- _WHAT THE EXERCISE ASKS_
Find "Stained Glass Dogs" and "Orange Monkey Mascot Costume with Pink Overalls Orange" in the records below. Copy the lines holding them and every line between, exactly, and no others.

- _DATA FOR PROCESSING_
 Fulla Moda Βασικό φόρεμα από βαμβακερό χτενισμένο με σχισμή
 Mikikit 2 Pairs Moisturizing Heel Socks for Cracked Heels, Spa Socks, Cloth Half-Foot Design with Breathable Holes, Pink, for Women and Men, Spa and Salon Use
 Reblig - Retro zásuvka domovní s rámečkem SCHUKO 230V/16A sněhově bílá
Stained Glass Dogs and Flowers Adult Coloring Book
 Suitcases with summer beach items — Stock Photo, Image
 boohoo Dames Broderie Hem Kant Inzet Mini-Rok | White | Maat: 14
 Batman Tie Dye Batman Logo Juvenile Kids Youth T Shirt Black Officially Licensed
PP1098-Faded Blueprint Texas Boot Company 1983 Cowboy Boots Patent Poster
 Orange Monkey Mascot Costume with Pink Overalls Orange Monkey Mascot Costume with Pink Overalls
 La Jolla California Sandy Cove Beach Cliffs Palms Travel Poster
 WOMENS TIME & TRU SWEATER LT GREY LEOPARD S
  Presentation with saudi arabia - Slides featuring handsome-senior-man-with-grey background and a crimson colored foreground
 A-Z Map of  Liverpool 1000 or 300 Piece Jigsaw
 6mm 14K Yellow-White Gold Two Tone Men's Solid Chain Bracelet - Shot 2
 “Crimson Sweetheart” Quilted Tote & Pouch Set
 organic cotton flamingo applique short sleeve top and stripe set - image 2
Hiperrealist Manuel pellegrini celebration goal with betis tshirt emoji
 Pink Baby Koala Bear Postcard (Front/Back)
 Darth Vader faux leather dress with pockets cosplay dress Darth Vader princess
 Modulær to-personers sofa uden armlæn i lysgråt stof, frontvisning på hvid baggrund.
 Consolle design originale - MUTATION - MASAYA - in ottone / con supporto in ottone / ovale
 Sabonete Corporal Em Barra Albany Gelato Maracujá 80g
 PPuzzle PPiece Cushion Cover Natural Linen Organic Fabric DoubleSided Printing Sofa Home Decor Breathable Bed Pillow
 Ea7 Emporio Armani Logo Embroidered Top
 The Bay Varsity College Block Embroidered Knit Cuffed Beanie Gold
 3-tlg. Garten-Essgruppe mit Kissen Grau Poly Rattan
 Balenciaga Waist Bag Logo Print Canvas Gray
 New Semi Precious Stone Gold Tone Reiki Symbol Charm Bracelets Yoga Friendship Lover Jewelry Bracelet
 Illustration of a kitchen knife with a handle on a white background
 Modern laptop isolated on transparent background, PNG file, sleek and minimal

- _TASK RESULT_
Stained Glass Dogs and Flowers Adult Coloring Book
 Suitcases with summer beach items — Stock Photo, Image
 boohoo Dames Broderie Hem Kant Inzet Mini-Rok | White | Maat: 14
 Batman Tie Dye Batman Logo Juvenile Kids Youth T Shirt Black Officially Licensed
PP1098-Faded Blueprint Texas Boot Company 1983 Cowboy Boots Patent Poster
 Orange Monkey Mascot Costume with Pink Overalls Orange Monkey Mascot Costume with Pink Overalls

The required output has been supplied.